Several points can be made about this: First of all, his measurement is the so-called "full employment" deficit. That means that the so-called automatic stabilizers (a cyclical downturn reduces tax revenue, while increasing spending on welfare and unemployment benefits without any active political decisions) that Keynesians actually usually celebrate as a big advantage of a welfare state are excluded. But since such alleged stabilizers wouldn't exist in a pure laissez-faire economy, they do in fact constitute a form of Keynesian intervention.
Secondly, as Alex Tabbarok points out, one reason why the increase in the deficit were limited was because first Herbert Hoover and then Franklin Roosevelt implemented significant tax increases (See Greg Mankiw's illustration of tax rates during Hoover & Roosevelt). The increase in government spending was enormous, but only some of that was financed through higher taxes rather than increased borrowing. If Krugman thinks that Hoover and Roosevelt did the right thing with regard to spending, but erred in financing some of it through tax increases, does that mean that he now favors keeping the Bush tax cuts in place?
It should be further noted with regard to this point that direct government spending is usually regarded by Keynesians as superior to tax cuts (especially tax cuts for people with high income) because there is a risk that they might save some of it. So, the Hoover-Roosevelt strategy of raising marginal tax rates and spending it directly could too be considered a form of Keynesian policy.

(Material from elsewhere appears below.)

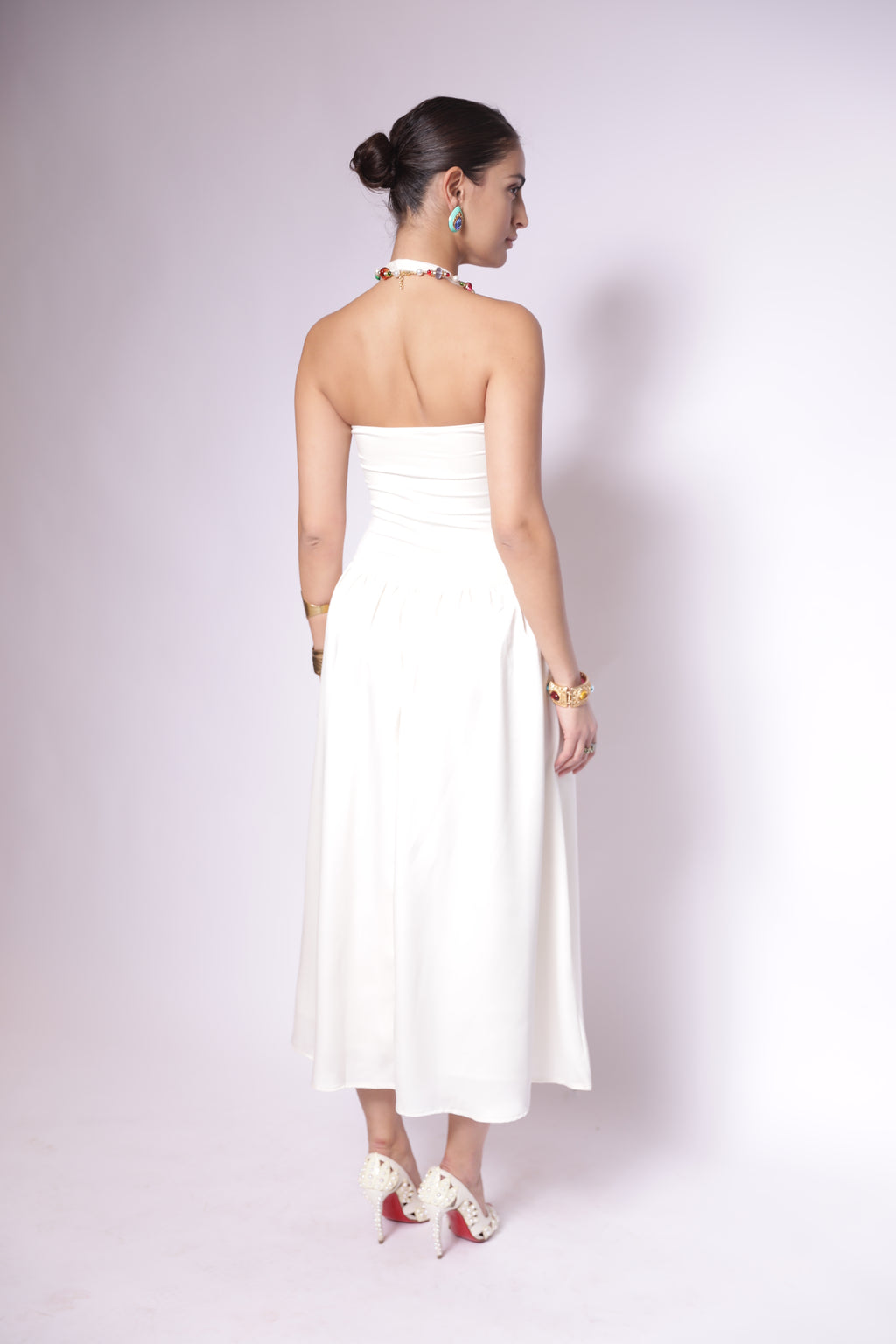Elegant White Midi Dress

Finally, Krugman completely ignores (typically enough for a Keynesian) the long term effects of large deficits and high spending. If you study the economic data for Japan during the 1990s you can see that whenever they temporarily accelerated the increase in the deficit it did produce a short-lived upswing. But that upswing soon disappeared, and Japan's once awe-inspiring growth rates fell to the lowest of all industrial economies, as all of its savings were diverted into government bonds, as opposed to private investments. It is interesting to see that he criticizes Roosevelt for tightening fiscal policy in 1937, several years after GDP started growing again. What Krugman apparently advocates are not temporary deficits, but permanent deficits, something which will have a negative effect on growth because of the crowding out effect.
Krugman may have been a good trade economist, but he is not a good macro economist. Too bad he has stopped writing about trade and instead has focused on macroeconomics.